The company struck what was in hindsight a poor deal with the state of IL that caps realizations for the power ($34.50/MWh) at a level below the floor in the IRA. As a result, the company will see a large step up in EBITDA by approximately $500mm in 2027 when that deal expires. While we are many years out, it is something investors can adequately predict.  

Fair Value:

CEG is often thrown into the bucket of IPP producers, which does not make much sense to me. Its fees are guaranteed, and that base cash flow is being valued at a significant discount to regulated utilities. There are many ways to go about valuing the earnings stream, but if one believes a reasonable valuation is 12-13x EBITDA on floor EBITDA, you get approximately $115-125/share or some 40% upside. 

 

Other Key Things to Consider:

  1. While no one is going to build in the US anytime soon, the stock trades at <50% of replacement cost.
  2. M&A: There are very few companies that have the ability to get through the approval process to buy and manage a nuclear fleet. While this is not baked into sell-side models, any such deal is likely to be well received by investors. If you look at a recent note by Wells in January, the analyst suggests a hypothetical purchase of a 5 GW facility would be 15% accretive and increase value by 6-7%.
  3. Capital Return:  The company currently has an anemic dividend and should generate several billion of cash over the next few years. The accretion from buying back stock with excess cash is quite significant and dramatically raises the sustainable base FCF if you believe they can reduce shares at these prices.
  4. Recent Weakness: The stock was a strong performer last year following the announcement of the IRA bill, but has recently underperformed as natural gas pricing has declined. At the current valuation, investors are ascribing no upside from this earnings stream when there is a strong case to be made for higher power prices in time. Firstly, at current prices most public US natural gas producers cannot generate cash. This suggests spending will likely contract and in turn supply growth of natural gas. Further, the LNG market was temporarily impacted by one of the largest natural gas export terminals, Freeport LNG, going down last summer. When factoring in the return to service of this facility coupled with the significant LNG exports set to come online in 2024/2025, there is likely considerable long-term upside for natural gas. 

 

 

 

Disclosure: At the time of publication, the author of this article holds a position in CEG.  This article expresses the opinions of the author. The author has no business relationship with any company whose stock is mentioned in this article.

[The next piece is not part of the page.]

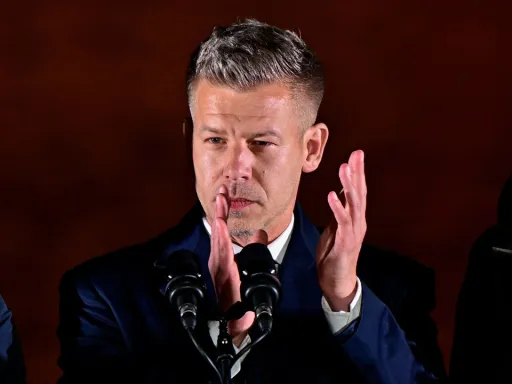 Mudança histórica na Hungria: Peter Magyar vence as eleições, é o fim do domínio de 16 anos de Orbán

The author of this article has a long position in the company covered herein and stands to realize gains in the event that the price of the stock increases. Following publication, the author may transact in the securities of the company, and may be long, short or neutral at any time.  The author of this report has obtained all information contained herein from sources believed to be accurate and reliable.  The author of this report makes no representation, express or implied, as to the accuracy, timeliness or completeness of any such information or with regard to the results to be obtained from its use.  Any projections, forecasts and estimates contained in this report are necessarily speculative in nature and are based upon certain assumptions. Accordingly, any projections are only estimates and actual results will differ and may vary substantially from the projections presented. All expressions of opinion are subject to change without notice, and the author does not undertake to update or supplement this article or any of the information contained herein.  This is not an offer to sell or a solicitation of an offer to buy any security.

 

 

 

 

I do not hold a position with the issuer such as employment, directorship, or consultancy.
I and/or others I advise do not hold a material investment in the issuer's securities.

Catalyst

Rerating on base earnings stream as IRA bill goes into effect.